> Prompt
Pictures excluded, output exactly the lines from the one containing "After accepting a" through the last line of the listing below.

Listed records below:

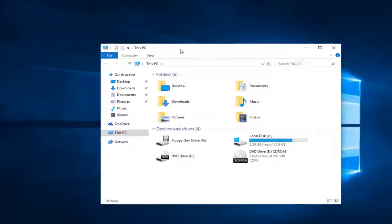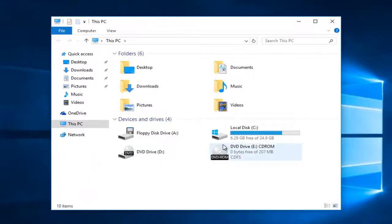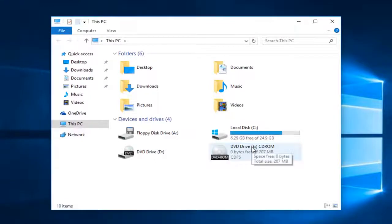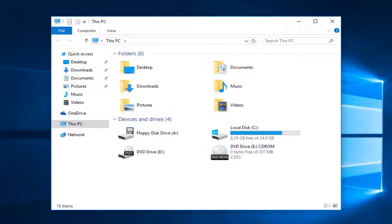We can see that there appears to be a new DVD drive that comes up, and that is thanks to us mounting this ISO file.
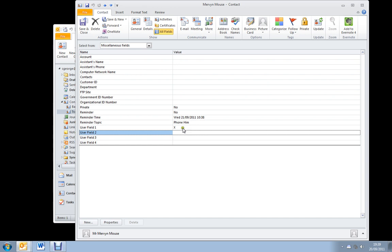User field 2, for me, is where I met them. So this would be NRG West End. Type. OK. And I leave it as a free text field.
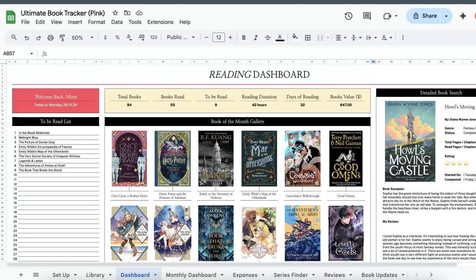Hey guys, welcome to this video. Today I'll be giving you a walkthrough and tutorial of the book tracker that I've built on Google Sheets.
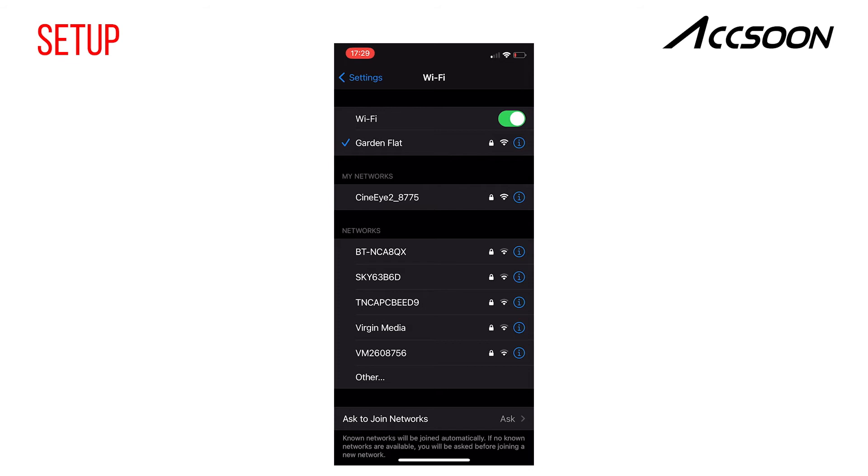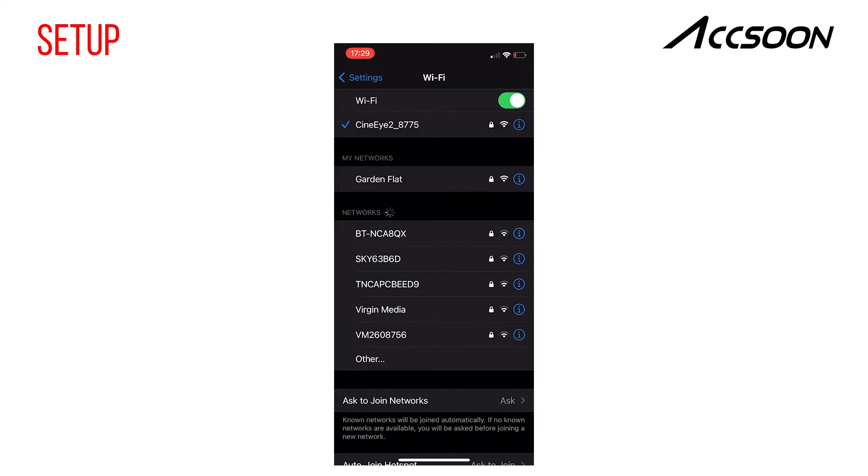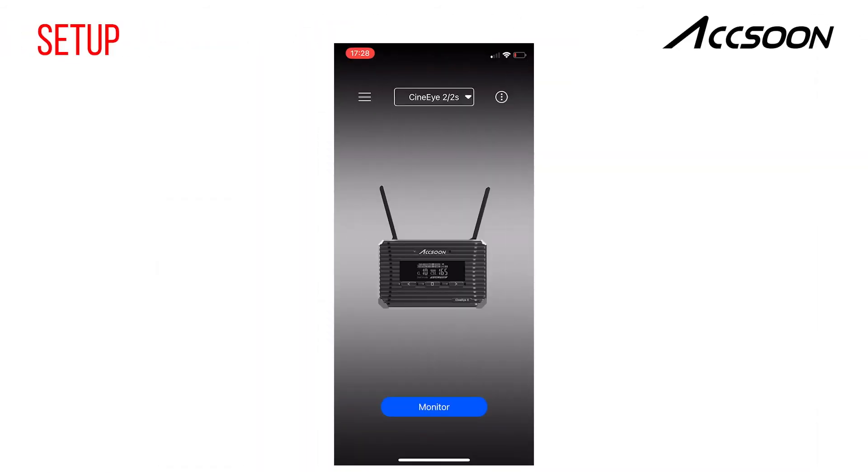Now that your CineEye's Wi-Fi has appeared, connect to the CineEye. Now launch the Accsoon app on your device. From the startup page, select your version of CineEye. This is important as the Accsoon app will only connect to the correct device.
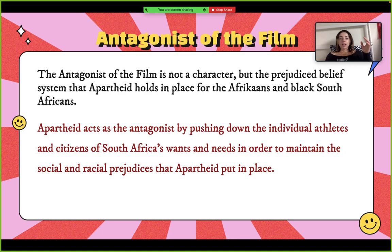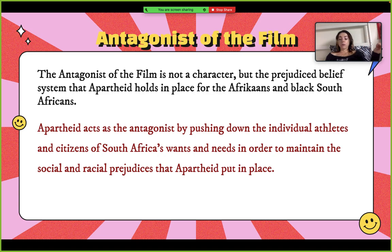Apartheid demonized any type of positive social interaction or camaraderie between white and black South Africans at the time, and it caused generations of trauma that were still seen within the people at the time of the film. However, throughout the film, the interactionist theory came for the win, and it was the main component of Mandela's plan.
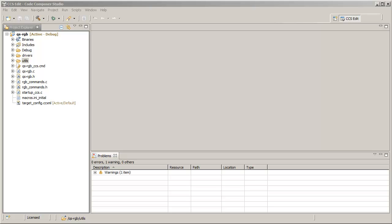This quick video shows how you can set file-specific and folder-specific options in Code Composer Studio. In some cases, you may want to build certain source files in your project with different build options than the ones set at the project level.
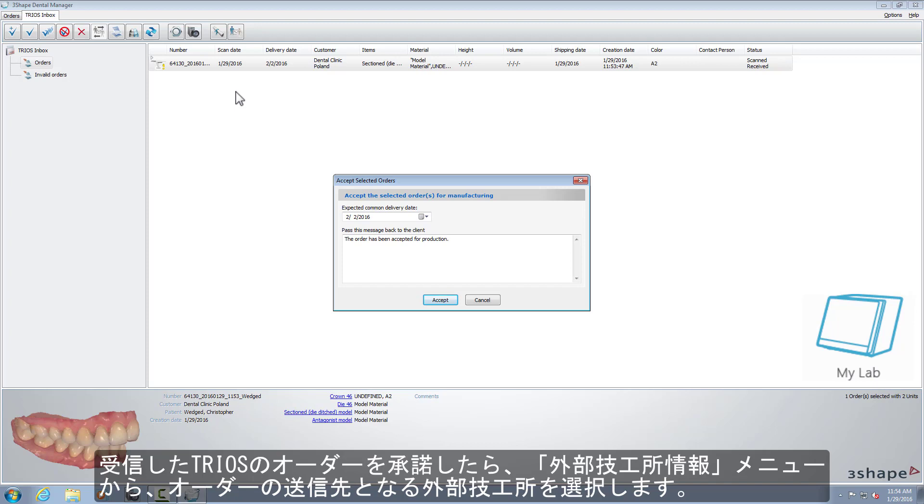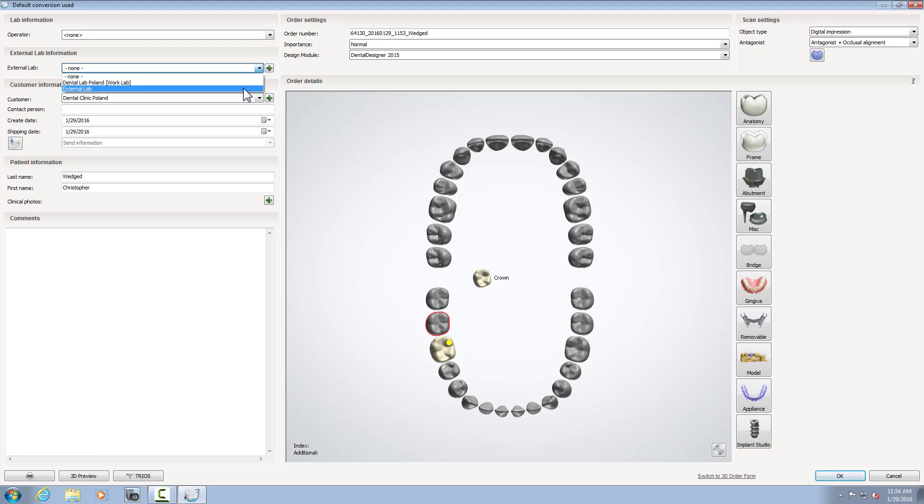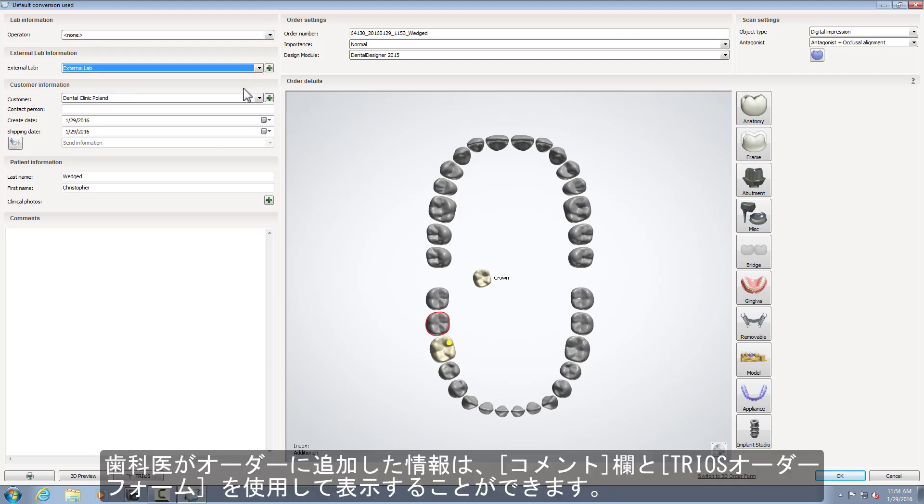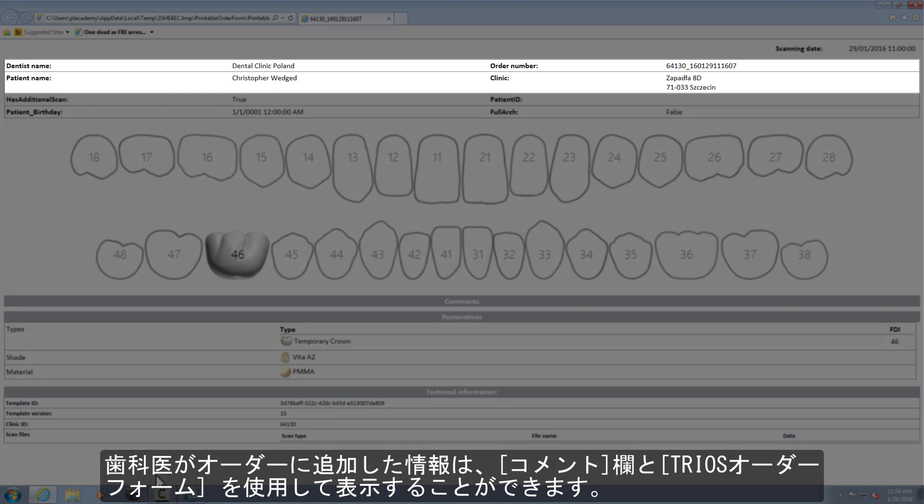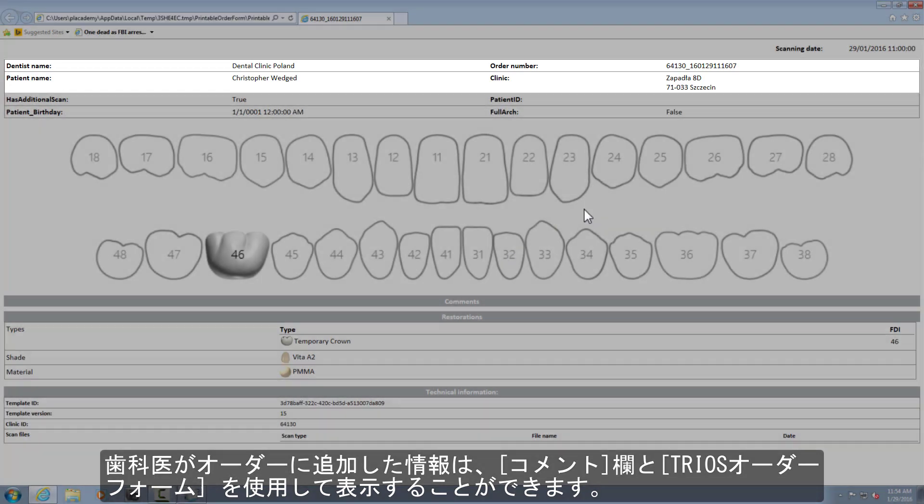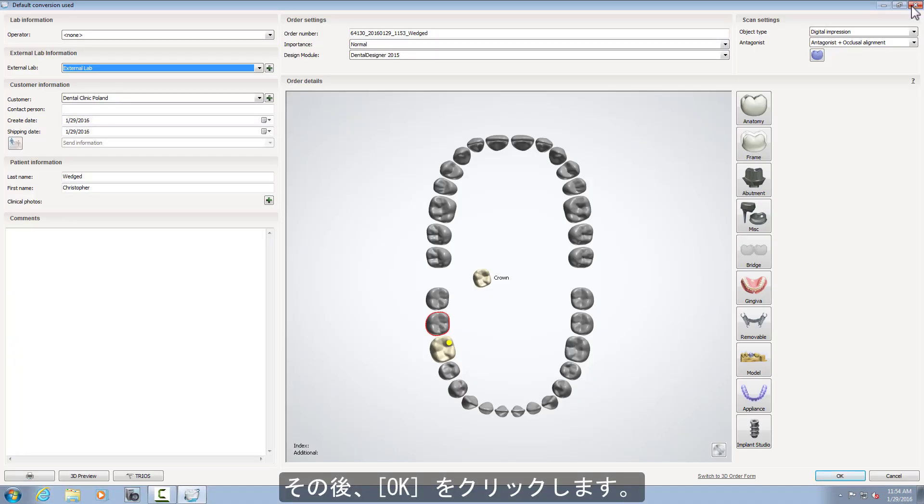After accepting a TRIOS order from the External Lab Information menu, choose an external lab to whom you want to send the order. Any information that dentists may have added to the order will be visible in the Comments field and through the TRIOS order form button. After that, click OK.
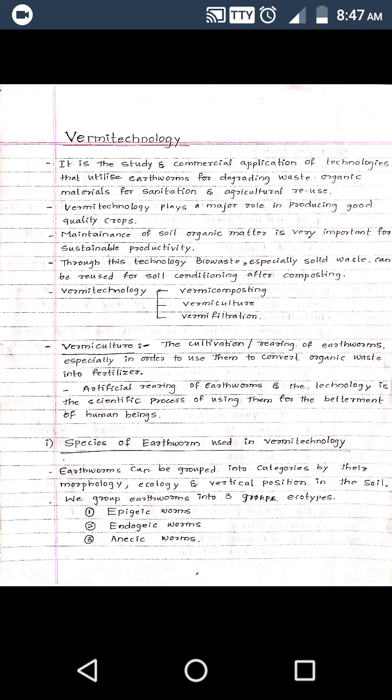Vermi technology plays a major role in producing good quality crops. With the help of vermi technology, a good number of good quality crops can be produced, where earthworms play a major role. Vermi technology has become globally popular as a solid waste management technique, converting organic waste into bio-fertilizers through earthworm activity.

End of Listed records.

> Your solution
After accepting a TRIOS order from the External Lab Information menu, choose an external lab to whom you want to send the order. Any information that dentists may have added to the order will be visible in the Comments field and through the TRIOS order form button. After that, click OK.
Vermi technology plays a major role in producing good quality crops. With the help of vermi technology, a good number of good quality crops can be produced, where earthworms play a major role. Vermi technology has become globally popular as a solid waste management technique, converting organic waste into bio-fertilizers through earthworm activity.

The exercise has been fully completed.